### [Task instructions]
Output the records that follow, with every character intact.

(Brief descriptive captions)

[Start of Attachment]

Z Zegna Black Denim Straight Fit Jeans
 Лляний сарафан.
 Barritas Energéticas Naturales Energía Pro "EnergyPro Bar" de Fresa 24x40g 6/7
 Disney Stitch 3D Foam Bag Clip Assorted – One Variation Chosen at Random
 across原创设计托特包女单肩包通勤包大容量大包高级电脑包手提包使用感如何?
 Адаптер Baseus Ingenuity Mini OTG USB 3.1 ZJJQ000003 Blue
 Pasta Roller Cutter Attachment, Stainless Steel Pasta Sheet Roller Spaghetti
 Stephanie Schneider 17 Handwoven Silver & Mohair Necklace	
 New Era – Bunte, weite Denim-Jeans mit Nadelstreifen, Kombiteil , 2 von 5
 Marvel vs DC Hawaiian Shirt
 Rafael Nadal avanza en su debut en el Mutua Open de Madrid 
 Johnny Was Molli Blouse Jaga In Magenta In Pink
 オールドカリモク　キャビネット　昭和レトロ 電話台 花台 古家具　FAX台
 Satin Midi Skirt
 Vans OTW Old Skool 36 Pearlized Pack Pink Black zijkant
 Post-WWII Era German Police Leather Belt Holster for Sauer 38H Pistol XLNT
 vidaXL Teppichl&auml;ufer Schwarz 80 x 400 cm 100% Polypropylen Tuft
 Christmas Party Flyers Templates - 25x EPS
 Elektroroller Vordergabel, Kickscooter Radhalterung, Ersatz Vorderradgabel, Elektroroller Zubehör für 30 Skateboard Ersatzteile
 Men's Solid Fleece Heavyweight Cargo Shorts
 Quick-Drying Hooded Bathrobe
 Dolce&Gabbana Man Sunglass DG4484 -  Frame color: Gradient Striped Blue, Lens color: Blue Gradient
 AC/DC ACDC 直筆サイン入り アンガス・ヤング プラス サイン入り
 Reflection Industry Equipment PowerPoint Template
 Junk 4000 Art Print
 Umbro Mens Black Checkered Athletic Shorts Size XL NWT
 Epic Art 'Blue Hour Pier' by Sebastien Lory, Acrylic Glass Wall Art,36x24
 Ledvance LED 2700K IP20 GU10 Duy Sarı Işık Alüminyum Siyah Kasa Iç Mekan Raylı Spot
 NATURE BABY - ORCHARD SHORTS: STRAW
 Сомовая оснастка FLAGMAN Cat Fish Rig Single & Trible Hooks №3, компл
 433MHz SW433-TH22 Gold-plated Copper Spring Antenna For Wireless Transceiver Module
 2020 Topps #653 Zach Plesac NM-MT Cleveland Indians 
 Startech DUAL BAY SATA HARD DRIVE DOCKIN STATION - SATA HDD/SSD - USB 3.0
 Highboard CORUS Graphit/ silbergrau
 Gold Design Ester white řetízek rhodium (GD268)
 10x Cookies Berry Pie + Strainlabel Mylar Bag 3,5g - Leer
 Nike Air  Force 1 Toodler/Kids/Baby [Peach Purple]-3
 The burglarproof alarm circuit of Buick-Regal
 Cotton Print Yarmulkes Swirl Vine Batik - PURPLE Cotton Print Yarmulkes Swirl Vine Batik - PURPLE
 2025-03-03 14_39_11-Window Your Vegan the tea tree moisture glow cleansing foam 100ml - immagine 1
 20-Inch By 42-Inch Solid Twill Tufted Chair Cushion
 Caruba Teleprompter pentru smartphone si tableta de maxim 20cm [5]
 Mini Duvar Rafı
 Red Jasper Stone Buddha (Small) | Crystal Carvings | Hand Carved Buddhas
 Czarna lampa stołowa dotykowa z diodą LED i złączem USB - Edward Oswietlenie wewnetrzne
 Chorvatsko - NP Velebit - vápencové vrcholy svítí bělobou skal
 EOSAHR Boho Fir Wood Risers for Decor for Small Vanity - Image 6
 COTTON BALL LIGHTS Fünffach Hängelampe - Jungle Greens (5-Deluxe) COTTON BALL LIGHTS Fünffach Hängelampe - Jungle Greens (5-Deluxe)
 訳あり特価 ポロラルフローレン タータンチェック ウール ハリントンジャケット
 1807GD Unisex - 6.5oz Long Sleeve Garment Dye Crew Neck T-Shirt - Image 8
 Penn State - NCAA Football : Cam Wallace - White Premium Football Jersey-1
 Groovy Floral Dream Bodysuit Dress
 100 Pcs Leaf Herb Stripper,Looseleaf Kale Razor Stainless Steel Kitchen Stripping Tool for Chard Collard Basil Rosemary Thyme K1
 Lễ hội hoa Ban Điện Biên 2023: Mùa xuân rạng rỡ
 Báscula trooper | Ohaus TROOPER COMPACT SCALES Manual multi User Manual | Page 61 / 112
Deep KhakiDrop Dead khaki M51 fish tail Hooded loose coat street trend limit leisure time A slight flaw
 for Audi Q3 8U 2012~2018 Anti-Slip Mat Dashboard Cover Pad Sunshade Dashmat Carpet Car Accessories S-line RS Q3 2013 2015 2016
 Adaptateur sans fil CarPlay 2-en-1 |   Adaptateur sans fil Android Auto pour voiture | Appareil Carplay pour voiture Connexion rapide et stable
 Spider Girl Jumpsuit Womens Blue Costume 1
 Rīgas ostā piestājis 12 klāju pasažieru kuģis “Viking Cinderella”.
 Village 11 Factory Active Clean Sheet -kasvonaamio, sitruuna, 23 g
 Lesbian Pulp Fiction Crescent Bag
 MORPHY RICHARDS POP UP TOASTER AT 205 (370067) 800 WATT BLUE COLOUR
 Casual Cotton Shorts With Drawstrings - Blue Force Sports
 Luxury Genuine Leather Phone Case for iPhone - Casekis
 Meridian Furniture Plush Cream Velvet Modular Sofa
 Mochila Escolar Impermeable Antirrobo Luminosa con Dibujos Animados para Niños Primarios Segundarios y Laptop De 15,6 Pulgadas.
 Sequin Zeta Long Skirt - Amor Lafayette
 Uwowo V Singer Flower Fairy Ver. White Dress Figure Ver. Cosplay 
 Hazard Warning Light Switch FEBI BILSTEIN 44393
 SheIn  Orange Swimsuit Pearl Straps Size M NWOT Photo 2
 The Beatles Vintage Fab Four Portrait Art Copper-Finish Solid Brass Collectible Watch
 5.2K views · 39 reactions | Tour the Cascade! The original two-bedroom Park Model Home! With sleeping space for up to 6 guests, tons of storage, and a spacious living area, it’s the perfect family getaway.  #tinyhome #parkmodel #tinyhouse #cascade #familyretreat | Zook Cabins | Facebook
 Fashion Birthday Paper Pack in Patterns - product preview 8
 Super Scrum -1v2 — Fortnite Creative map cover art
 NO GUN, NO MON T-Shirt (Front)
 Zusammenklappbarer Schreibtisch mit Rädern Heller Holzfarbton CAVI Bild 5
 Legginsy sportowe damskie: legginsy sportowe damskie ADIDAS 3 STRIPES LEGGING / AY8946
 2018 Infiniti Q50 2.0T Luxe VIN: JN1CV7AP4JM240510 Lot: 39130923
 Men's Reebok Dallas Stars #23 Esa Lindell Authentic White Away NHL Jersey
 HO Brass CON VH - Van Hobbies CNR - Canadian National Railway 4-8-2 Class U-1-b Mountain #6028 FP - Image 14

[End of Attachment]

### [Solution to the exercise]
Z Zegna Black Denim Straight Fit Jeans
 Лляний сарафан.
 Barritas Energéticas Naturales Energía Pro "EnergyPro Bar" de Fresa 24x40g 6/7
 Disney Stitch 3D Foam Bag Clip Assorted – One Variation Chosen at Random
 across原创设计托特包女单肩包通勤包大容量大包高级电脑包手提包使用感如何?
 Адаптер Baseus Ingenuity Mini OTG USB 3.1 ZJJQ000003 Blue
 Pasta Roller Cutter Attachment, Stainless Steel Pasta Sheet Roller Spaghetti
 Stephanie Schneider 17 Handwoven Silver & Mohair Necklace	
 New Era – Bunte, weite Denim-Jeans mit Nadelstreifen, Kombiteil , 2 von 5
 Marvel vs DC Hawaiian Shirt
 Rafael Nadal avanza en su debut en el Mutua Open de Madrid 
 Johnny Was Molli Blouse Jaga In Magenta In Pink
 オールドカリモク　キャビネット　昭和レトロ 電話台 花台 古家具　FAX台
 Satin Midi Skirt
 Vans OTW Old Skool 36 Pearlized Pack Pink Black zijkant
 Post-WWII Era German Police Leather Belt Holster for Sauer 38H Pistol XLNT
 vidaXL Teppichl&auml;ufer Schwarz 80 x 400 cm 100% Polypropylen Tuft
 Christmas Party Flyers Templates - 25x EPS
 Elektroroller Vordergabel, Kickscooter Radhalterung, Ersatz Vorderradgabel, Elektroroller Zubehör für 30 Skateboard Ersatzteile
 Men's Solid Fleece Heavyweight Cargo Shorts
 Quick-Drying Hooded Bathrobe
 Dolce&Gabbana Man Sunglass DG4484 -  Frame color: Gradient Striped Blue, Lens color: Blue Gradient
 AC/DC ACDC 直筆サイン入り アンガス・ヤング プラス サイン入り
 Reflection Industry Equipment PowerPoint Template
 Junk 4000 Art Print
 Umbro Mens Black Checkered Athletic Shorts Size XL NWT
 Epic Art 'Blue Hour Pier' by Sebastien Lory, Acrylic Glass Wall Art,36x24
 Ledvance LED 2700K IP20 GU10 Duy Sarı Işık Alüminyum Siyah Kasa Iç Mekan Raylı Spot
 NATURE BABY - ORCHARD SHORTS: STRAW
 Сомовая оснастка FLAGMAN Cat Fish Rig Single & Trible Hooks №3, компл
 433MHz SW433-TH22 Gold-plated Copper Spring Antenna For Wireless Transceiver Module
 2020 Topps #653 Zach Plesac NM-MT Cleveland Indians 
 Startech DUAL BAY SATA HARD DRIVE DOCKIN STATION - SATA HDD/SSD - USB 3.0
 Highboard CORUS Graphit/ silbergrau
 Gold Design Ester white řetízek rhodium (GD268)
 10x Cookies Berry Pie + Strainlabel Mylar Bag 3,5g - Leer
 Nike Air  Force 1 Toodler/Kids/Baby [Peach Purple]-3
 The burglarproof alarm circuit of Buick-Regal
 Cotton Print Yarmulkes Swirl Vine Batik - PURPLE Cotton Print Yarmulkes Swirl Vine Batik - PURPLE
 2025-03-03 14_39_11-Window Your Vegan the tea tree moisture glow cleansing foam 100ml - immagine 1
 20-Inch By 42-Inch Solid Twill Tufted Chair Cushion
 Caruba Teleprompter pentru smartphone si tableta de maxim 20cm [5]
 Mini Duvar Rafı
 Red Jasper Stone Buddha (Small) | Crystal Carvings | Hand Carved Buddhas
 Czarna lampa stołowa dotykowa z diodą LED i złączem USB - Edward Oswietlenie wewnetrzne
 Chorvatsko - NP Velebit - vápencové vrcholy svítí bělobou skal
 EOSAHR Boho Fir Wood Risers for Decor for Small Vanity - Image 6
 COTTON BALL LIGHTS Fünffach Hängelampe - Jungle Greens (5-Deluxe) COTTON BALL LIGHTS Fünffach Hängelampe - Jungle Greens (5-Deluxe)
 訳あり特価 ポロラルフローレン タータンチェック ウール ハリントンジャケット
 1807GD Unisex - 6.5oz Long Sleeve Garment Dye Crew Neck T-Shirt - Image 8
 Penn State - NCAA Football : Cam Wallace - White Premium Football Jersey-1
 Groovy Floral Dream Bodysuit Dress
 100 Pcs Leaf Herb Stripper,Looseleaf Kale Razor Stainless Steel Kitchen Stripping Tool for Chard Collard Basil Rosemary Thyme K1
 Lễ hội hoa Ban Điện Biên 2023: Mùa xuân rạng rỡ
 Báscula trooper | Ohaus TROOPER COMPACT SCALES Manual multi User Manual | Page 61 / 112
Deep KhakiDrop Dead khaki M51 fish tail Hooded loose coat street trend limit leisure time A slight flaw
 for Audi Q3 8U 2012~2018 Anti-Slip Mat Dashboard Cover Pad Sunshade Dashmat Carpet Car Accessories S-line RS Q3 2013 2015 2016
 Adaptateur sans fil CarPlay 2-en-1 |   Adaptateur sans fil Android Auto pour voiture | Appareil Carplay pour voiture Connexion rapide et stable
 Spider Girl Jumpsuit Womens Blue Costume 1
 Rīgas ostā piestājis 12 klāju pasažieru kuģis “Viking Cinderella”.
 Village 11 Factory Active Clean Sheet -kasvonaamio, sitruuna, 23 g
 Lesbian Pulp Fiction Crescent Bag
 MORPHY RICHARDS POP UP TOASTER AT 205 (370067) 800 WATT BLUE COLOUR
 Casual Cotton Shorts With Drawstrings - Blue Force Sports
 Luxury Genuine Leather Phone Case for iPhone - Casekis
 Meridian Furniture Plush Cream Velvet Modular Sofa
 Mochila Escolar Impermeable Antirrobo Luminosa con Dibujos Animados para Niños Primarios Segundarios y Laptop De 15,6 Pulgadas.
 Sequin Zeta Long Skirt - Amor Lafayette
 Uwowo V Singer Flower Fairy Ver. White Dress Figure Ver. Cosplay 
 Hazard Warning Light Switch FEBI BILSTEIN 44393
 SheIn  Orange Swimsuit Pearl Straps Size M NWOT Photo 2
 The Beatles Vintage Fab Four Portrait Art Copper-Finish Solid Brass Collectible Watch
 5.2K views · 39 reactions | Tour the Cascade! The original two-bedroom Park Model Home! With sleeping space for up to 6 guests, tons of storage, and a spacious living area, it’s the perfect family getaway.  #tinyhome #parkmodel #tinyhouse #cascade #familyretreat | Zook Cabins | Facebook
 Fashion Birthday Paper Pack in Patterns - product preview 8
 Super Scrum -1v2 — Fortnite Creative map cover art
 NO GUN, NO MON T-Shirt (Front)
 Zusammenklappbarer Schreibtisch mit Rädern Heller Holzfarbton CAVI Bild 5
 Legginsy sportowe damskie: legginsy sportowe damskie ADIDAS 3 STRIPES LEGGING / AY8946
 2018 Infiniti Q50 2.0T Luxe VIN: JN1CV7AP4JM240510 Lot: 39130923
 Men's Reebok Dallas Stars #23 Esa Lindell Authentic White Away NHL Jersey
 HO Brass CON VH - Van Hobbies CNR - Canadian National Railway 4-8-2 Class U-1-b Mountain #6028 FP - Image 14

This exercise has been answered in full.